• Overview/Logistics
• Data / Starter Code
• Part 1: Autocomplete
  • Autocomplete Background
  • Autocomplete Programming Tasks (30 Points)
• Part 2: Spellcheck
  • Step 1: HashTable Class (20 Points)
  • Background: Programming Hash Codes
  • Step 2: String Hash Codes (5 Points)
  • Step 3: Spellchecker (10 Points)
• For Fun: Interactive Interfaces

Overview / Logistics

The purpose of this assignment is to give you practice implementing efficient algorithms in python in the service of two ubiquitous real world applications: autocompletion of text and spell check.

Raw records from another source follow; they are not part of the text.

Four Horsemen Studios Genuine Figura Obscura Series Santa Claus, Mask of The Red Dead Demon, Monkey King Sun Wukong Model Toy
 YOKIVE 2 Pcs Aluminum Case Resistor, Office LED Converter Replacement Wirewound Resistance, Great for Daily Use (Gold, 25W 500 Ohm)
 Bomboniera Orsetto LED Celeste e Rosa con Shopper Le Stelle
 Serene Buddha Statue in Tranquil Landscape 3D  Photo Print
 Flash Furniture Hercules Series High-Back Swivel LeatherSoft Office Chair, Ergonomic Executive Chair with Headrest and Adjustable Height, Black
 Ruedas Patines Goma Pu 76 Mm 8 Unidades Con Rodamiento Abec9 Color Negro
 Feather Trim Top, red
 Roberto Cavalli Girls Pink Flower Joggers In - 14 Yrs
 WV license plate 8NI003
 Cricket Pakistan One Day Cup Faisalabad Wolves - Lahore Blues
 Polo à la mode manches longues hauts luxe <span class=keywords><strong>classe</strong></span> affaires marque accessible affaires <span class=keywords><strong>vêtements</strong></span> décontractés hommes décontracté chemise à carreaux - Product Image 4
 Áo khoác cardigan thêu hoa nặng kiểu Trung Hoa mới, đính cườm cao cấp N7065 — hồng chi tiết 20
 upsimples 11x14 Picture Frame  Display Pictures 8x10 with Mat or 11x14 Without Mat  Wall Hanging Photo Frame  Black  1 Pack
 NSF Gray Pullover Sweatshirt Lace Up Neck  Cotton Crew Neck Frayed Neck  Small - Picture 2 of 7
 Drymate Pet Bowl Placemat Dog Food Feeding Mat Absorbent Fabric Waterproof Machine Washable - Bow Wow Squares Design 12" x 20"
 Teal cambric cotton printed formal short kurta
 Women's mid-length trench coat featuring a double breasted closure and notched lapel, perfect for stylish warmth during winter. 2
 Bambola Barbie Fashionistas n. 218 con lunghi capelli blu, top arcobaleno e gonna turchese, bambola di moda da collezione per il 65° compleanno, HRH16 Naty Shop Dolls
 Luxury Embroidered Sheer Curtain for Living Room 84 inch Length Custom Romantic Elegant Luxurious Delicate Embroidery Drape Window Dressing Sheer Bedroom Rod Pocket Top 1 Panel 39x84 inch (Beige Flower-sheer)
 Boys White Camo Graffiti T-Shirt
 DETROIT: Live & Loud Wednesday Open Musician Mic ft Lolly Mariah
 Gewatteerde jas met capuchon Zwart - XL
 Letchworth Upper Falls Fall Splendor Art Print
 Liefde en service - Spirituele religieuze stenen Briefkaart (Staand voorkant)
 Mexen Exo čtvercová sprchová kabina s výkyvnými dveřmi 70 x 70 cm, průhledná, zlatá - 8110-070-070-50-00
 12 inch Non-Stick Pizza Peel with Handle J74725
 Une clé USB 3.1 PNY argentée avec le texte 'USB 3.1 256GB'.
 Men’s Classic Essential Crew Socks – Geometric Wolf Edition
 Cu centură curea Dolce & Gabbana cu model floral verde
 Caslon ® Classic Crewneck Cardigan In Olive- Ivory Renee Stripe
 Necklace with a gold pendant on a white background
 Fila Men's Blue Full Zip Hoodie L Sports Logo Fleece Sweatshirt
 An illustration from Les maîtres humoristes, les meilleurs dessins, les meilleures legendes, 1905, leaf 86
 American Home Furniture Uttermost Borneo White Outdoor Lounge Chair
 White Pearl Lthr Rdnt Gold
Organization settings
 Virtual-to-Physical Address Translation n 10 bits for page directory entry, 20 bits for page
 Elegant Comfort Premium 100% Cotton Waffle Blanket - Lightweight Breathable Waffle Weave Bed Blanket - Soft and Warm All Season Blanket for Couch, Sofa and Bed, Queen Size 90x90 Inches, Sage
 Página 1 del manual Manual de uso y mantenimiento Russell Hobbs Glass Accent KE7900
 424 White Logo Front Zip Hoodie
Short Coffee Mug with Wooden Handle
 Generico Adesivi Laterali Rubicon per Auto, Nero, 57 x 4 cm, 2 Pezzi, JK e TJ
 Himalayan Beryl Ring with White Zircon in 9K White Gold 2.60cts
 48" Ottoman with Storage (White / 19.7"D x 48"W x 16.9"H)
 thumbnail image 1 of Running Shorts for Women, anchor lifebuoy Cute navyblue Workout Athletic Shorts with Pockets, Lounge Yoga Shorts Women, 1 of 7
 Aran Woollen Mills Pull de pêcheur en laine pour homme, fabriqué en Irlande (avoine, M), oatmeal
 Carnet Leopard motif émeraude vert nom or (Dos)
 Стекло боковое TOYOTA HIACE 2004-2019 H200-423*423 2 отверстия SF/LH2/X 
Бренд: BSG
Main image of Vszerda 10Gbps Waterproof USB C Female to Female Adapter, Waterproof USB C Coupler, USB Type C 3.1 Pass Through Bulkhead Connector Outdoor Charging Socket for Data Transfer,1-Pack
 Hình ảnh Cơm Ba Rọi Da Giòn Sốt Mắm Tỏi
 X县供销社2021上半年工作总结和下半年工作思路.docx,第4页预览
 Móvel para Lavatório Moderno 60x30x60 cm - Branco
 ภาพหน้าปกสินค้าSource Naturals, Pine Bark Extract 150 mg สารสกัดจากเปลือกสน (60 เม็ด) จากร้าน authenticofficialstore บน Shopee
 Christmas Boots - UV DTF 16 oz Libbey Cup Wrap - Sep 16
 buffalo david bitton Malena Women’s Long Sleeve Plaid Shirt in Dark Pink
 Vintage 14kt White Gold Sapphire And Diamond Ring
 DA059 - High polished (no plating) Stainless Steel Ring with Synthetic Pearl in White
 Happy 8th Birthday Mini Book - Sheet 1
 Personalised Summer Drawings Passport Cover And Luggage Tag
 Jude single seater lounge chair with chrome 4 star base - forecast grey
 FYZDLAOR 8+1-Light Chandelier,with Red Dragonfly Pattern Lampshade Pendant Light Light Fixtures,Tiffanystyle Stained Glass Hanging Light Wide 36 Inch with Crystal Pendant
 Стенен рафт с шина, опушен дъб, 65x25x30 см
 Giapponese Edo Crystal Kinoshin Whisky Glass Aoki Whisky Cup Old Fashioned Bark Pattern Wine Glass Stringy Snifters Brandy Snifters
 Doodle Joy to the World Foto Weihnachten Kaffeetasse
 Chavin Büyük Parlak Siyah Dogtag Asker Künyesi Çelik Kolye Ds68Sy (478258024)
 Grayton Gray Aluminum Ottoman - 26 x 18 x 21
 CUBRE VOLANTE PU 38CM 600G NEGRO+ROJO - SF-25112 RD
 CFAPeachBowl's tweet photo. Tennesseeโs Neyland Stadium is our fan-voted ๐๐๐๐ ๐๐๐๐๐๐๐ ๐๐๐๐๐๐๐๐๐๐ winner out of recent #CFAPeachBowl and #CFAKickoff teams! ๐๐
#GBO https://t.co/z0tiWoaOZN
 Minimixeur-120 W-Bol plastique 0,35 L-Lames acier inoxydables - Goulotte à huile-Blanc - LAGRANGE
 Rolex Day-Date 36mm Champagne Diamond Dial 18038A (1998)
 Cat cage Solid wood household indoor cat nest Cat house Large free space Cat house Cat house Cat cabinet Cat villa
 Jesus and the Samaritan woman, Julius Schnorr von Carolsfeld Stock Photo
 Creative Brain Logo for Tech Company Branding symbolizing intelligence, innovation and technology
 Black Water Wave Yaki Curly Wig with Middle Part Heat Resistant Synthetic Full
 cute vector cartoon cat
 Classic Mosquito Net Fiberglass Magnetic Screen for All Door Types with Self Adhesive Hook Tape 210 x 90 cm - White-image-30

Crucially, you will ensure that your algorithms meet a particularly efficiency standard, as per the theme of our course.

Learning Objectives

• Implement comparators to sort items in a custom way.
• Use binary search to efficiently find a range of items in an ordered list.
• Implement hash tables using object oriented paradigms

What To Submit

Submit your files autocomplete.py, hashtable.py, spellcheck.py, and strwraper.py to canvas, as well as any other .py files and notebooks you made. Also submit answers to the following questions on Canvas

1. The name of your buddy, if you chose to work with one.
2. A brief description of your code and how to run it
3. Any other concerns that you have. For instance, if you have a bug that you were unable to solve but you made progress, write about it. The more you articulate the problem the more partial credit you will receive (fine to leave this blank)

Data / Starter Code

Click here to download the starter code for this assignment. Actually, the starter code is quite minimal. The bulk of what's important for you is the two data files words.txt and cities.txt. words.txt contains the 1/3 million most frequently used English words based off of the google trillion word corpus, where "importance" is measured by the number of times that word was used across a large collection of scraped documents on the internet. For example, "ursinus" is used 178,097 times, while "ursula" is used 976,724, so ursula would show up first for a prefix of "urs." Similarly, "cities.txt" has all of the cities in the world, where the "importance" of a particular city is measured by its population (food for thought: is this the best choice for ranking cities?).

The code below shows an example of how you might load these files into python. You're free to organize the information you load in however you want. You should refer to the sorting notes to refresh yourself on how to sort objects by different fields, since you'll need to sort both in alphabetical order and by importance at different parts of the assignment.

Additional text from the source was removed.